Others might feel betrayed, too. When the original allegations of widespread phone-tapping emerged, some of Chancellor Merkel's confidantes belittled the problem, saying the criticism of the US had a touch of anti-Americanism and that the surveillance was about terrorism.

These people are now some of the strongest critics of the US. They are also saying that German law has been broken. If the activities of American government employees were investigated by the German authorities, that would make the whole affair harder to damp down.
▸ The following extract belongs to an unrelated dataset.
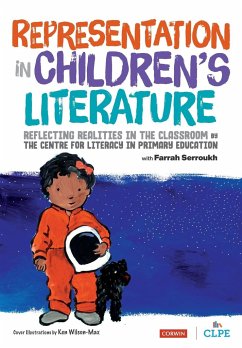 Representation in Children's Literature - CLPE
It would be in the system of justice and pursuit would be relentless.

Mrs Merkel phoned the US president when she first heard of the spying allegations on Wednesday.
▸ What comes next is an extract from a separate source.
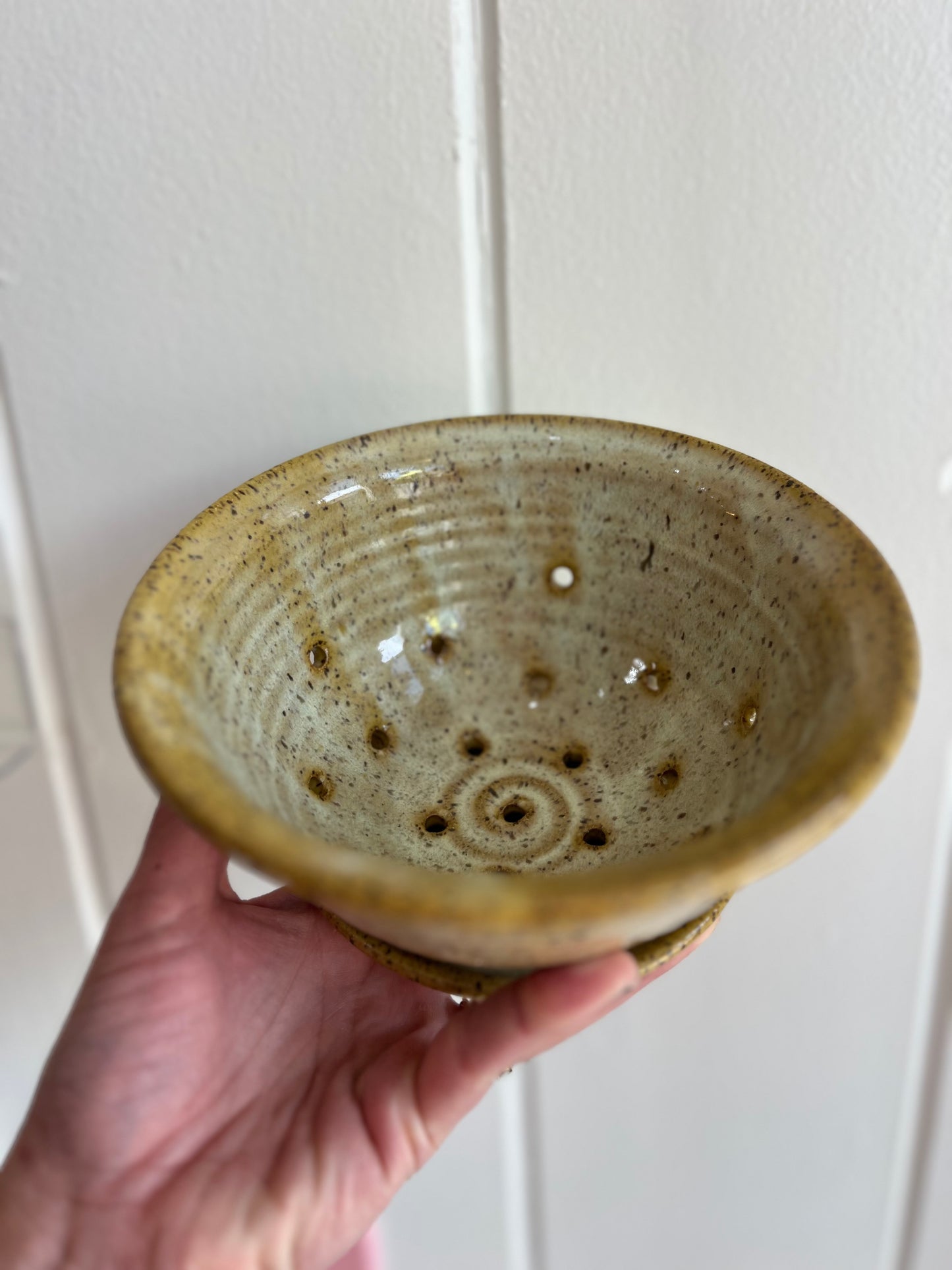 Berry Colander - Julo Pottery Co.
President Barack Obama apologised to the German chancellor and promised Mrs Merkel he knew nothing of the alleged phone monitoring and would have stopped it if he had, Der Spiegel reports.

But on Sunday Bild newspaper quoted US intelligence sources as saying NSA head Keith Alexander personally briefed the president about the covert operation targeting Mrs Merkel in 2010.

"Obama did not halt the operation but rather let it continue," the newspaper quoted a senior NSA official as saying.

Her number was still on a surveillance list in 2013.

Germany is sending its top intelligence chiefs to Washington in the coming week to "push forward" an investigation into the spying allegations, which have caused outrage in Germany.

Criminal investigation?

The documents seen by Der Spiegel give further details about the NSA's targeting of European governments.

A unit called Special Collection Services, based on the fourth floor of the US embassy in Pariser Platz in Berlin, was responsible for monitoring communications in the German capital's government quarter, including those targeting Mrs Merkel.

Germany's Interior Minister Hans-Peter Friedrich told Bild that running such an operation on German soil would be illegal under German law, and adds that those "responsible must be held accountable".

Similar listening units were based in around 80 locations worldwide, according to the documents seen by Der Spiegel, 19 of them in European cities.

If the existence of listening stations in US embassies were known, there would be "severe damage for the US's relations with a foreign government," the documents said.

Mrs Merkel - an Americophile who was awarded the US Presidential Medal of Freedom in 2011 - is said to be shocked that Washington may have engaged in the sort of spying she had to endure growing up in Communist East Germany.